Data segment —
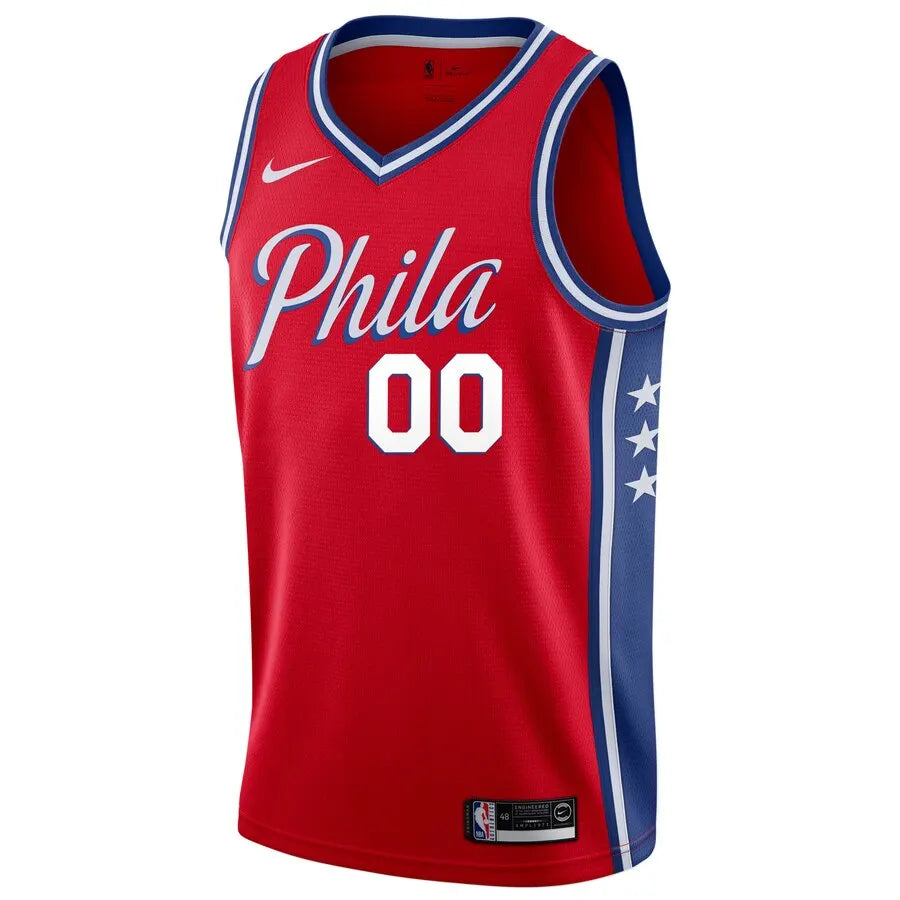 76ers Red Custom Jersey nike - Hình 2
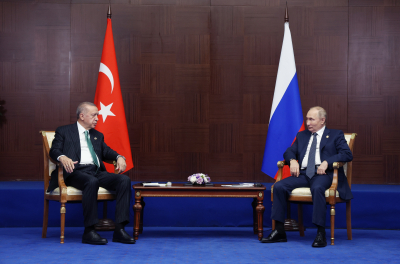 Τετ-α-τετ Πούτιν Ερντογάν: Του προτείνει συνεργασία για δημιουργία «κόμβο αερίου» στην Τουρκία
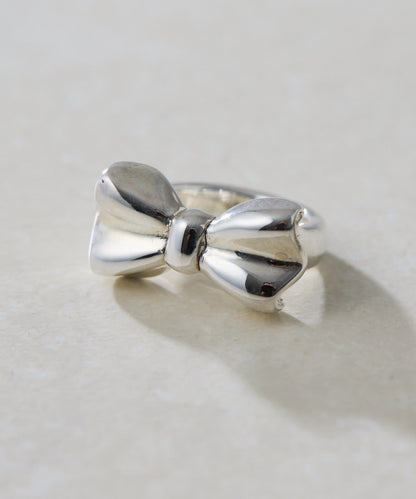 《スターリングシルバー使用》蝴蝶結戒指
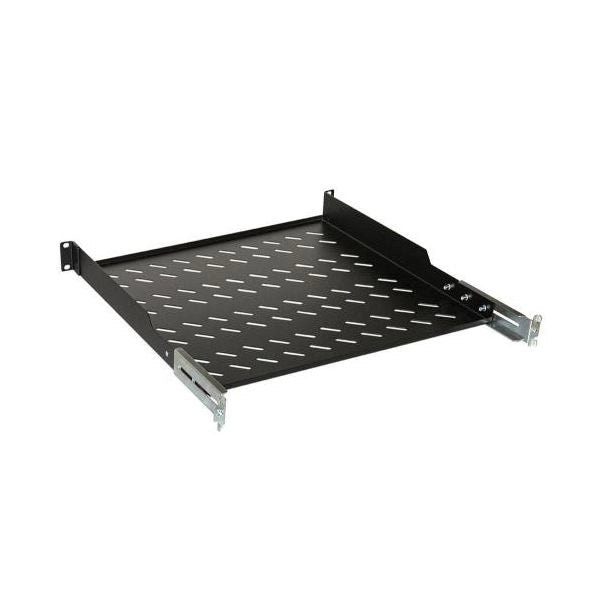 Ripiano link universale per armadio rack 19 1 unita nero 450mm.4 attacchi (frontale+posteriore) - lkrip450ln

Work required — The data above needs to be retyped exactly, with the images left out.

Reply —
 76ers Red Custom Jersey nike - Hình 2
 Τετ-α-τετ Πούτιν Ερντογάν: Του προτείνει συνεργασία για δημιουργία «κόμβο αερίου» στην Τουρκία
 《スターリングシルバー使用》蝴蝶結戒指
 Ripiano link universale per armadio rack 19 1 unita nero 450mm.4 attacchi (frontale+posteriore) - lkrip450ln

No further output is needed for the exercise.